### WORK REQUIRED
Leave the pictures out, and transcribe the material below exactly from the line with "쥯 ɣ ɣӣ衡ƥݡġֳץȡʥ" to the line with "mit Roboter-Einsatz Nachhaltiger", both lines included.

### INFORMATION SUPPLIED
==================================================

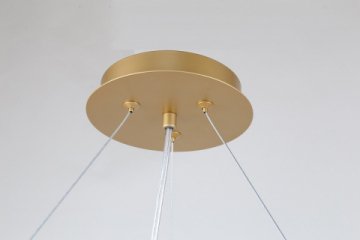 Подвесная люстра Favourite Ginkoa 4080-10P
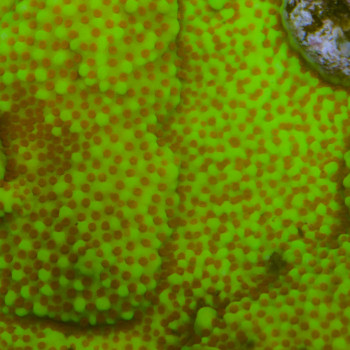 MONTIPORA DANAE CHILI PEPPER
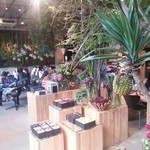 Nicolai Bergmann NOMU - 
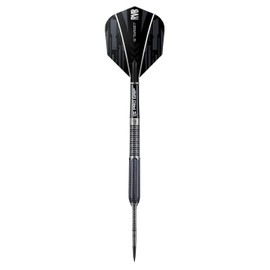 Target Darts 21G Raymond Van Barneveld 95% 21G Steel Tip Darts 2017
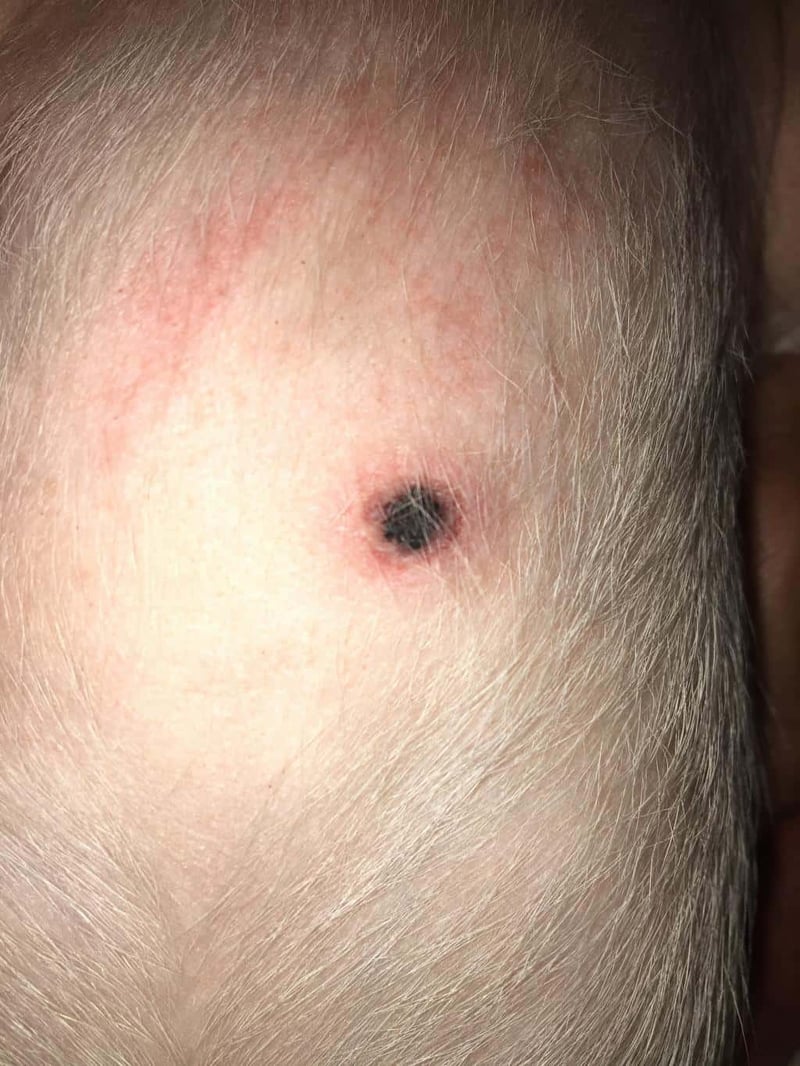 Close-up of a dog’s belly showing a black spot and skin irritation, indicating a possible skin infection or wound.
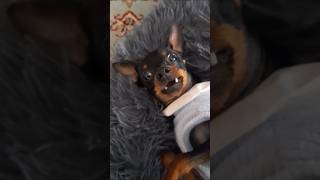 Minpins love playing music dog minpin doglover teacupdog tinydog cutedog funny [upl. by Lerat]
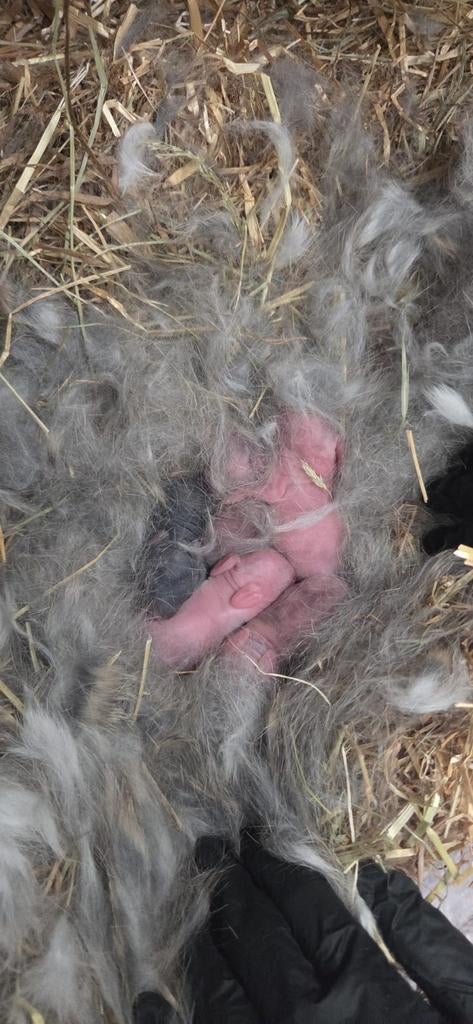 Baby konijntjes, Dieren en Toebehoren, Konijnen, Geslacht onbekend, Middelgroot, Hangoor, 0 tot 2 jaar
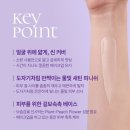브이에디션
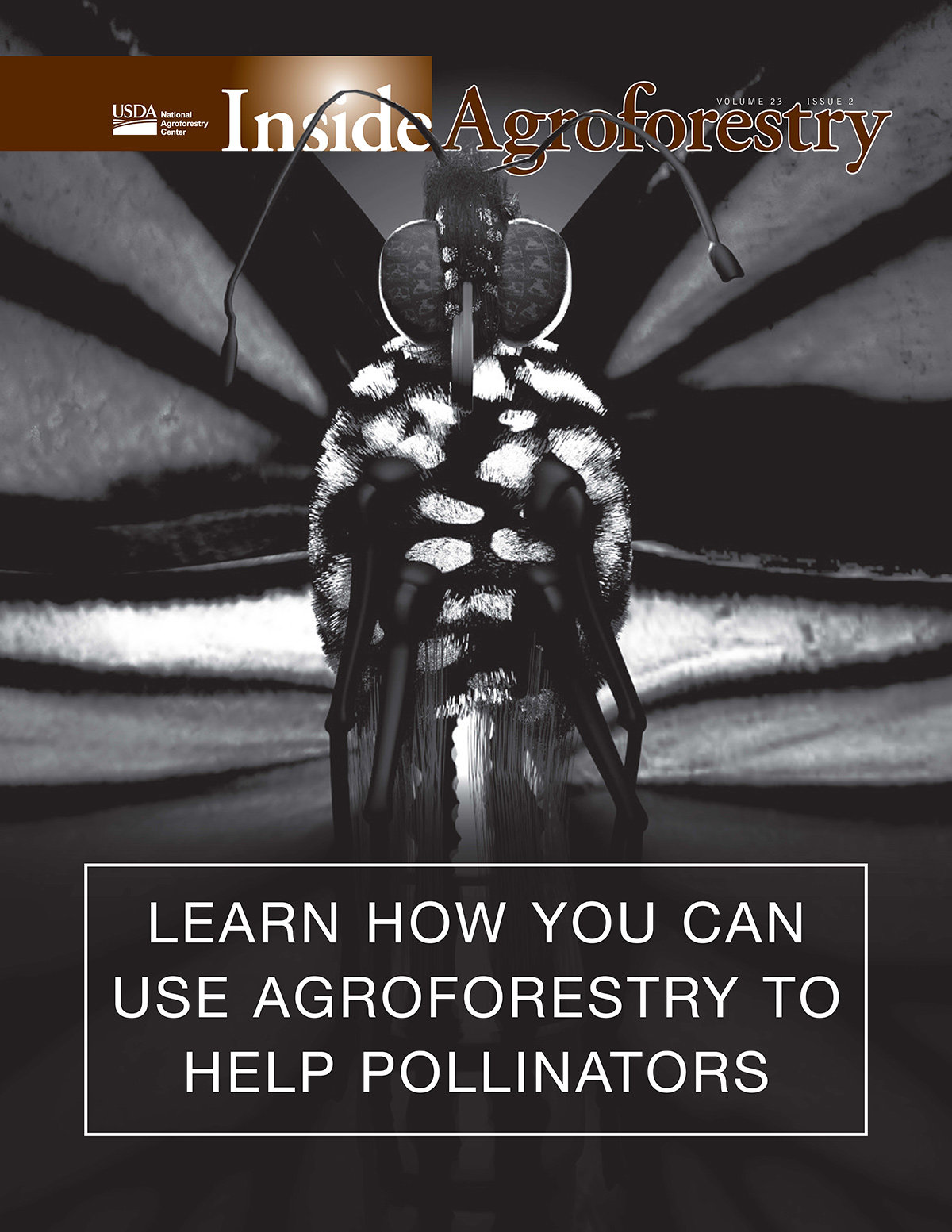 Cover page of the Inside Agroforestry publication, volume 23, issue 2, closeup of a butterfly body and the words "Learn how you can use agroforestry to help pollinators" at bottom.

==================================================

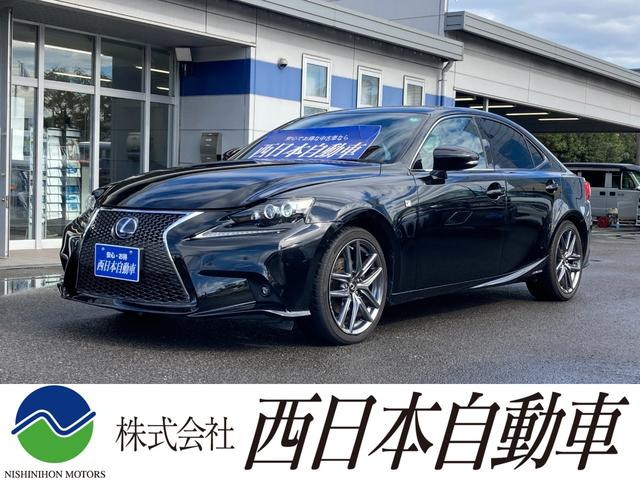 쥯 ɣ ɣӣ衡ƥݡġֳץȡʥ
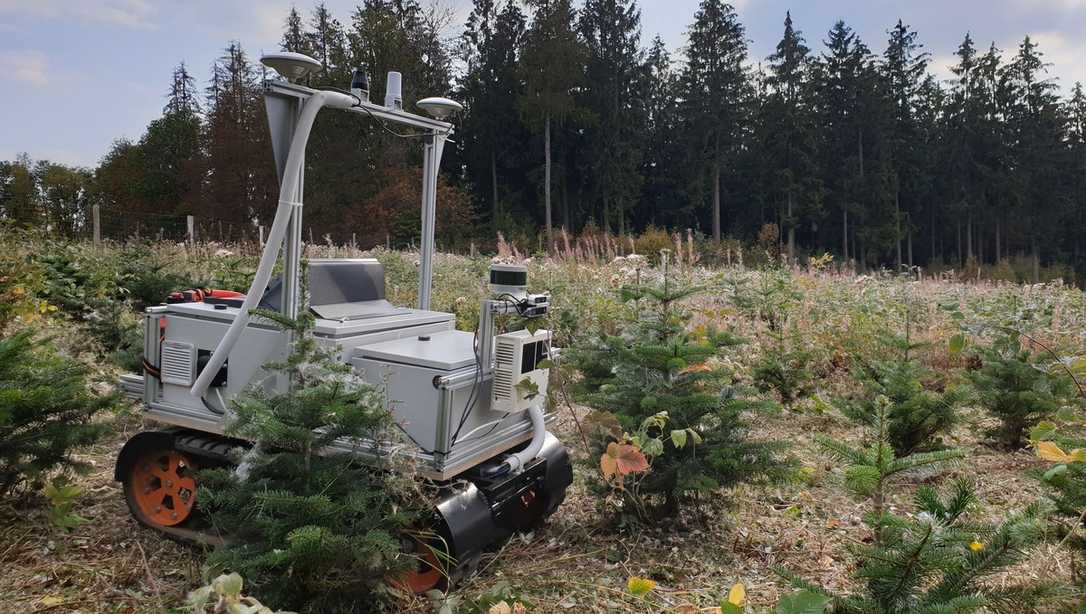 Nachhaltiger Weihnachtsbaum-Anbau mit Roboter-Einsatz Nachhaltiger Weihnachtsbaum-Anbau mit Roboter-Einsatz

==================================================

### THE ANSWER
 쥯 ɣ ɣӣ衡ƥݡġֳץȡʥ
 Nachhaltiger Weihnachtsbaum-Anbau mit Roboter-Einsatz Nachhaltiger Weihnachtsbaum-Anbau mit Roboter-Einsatz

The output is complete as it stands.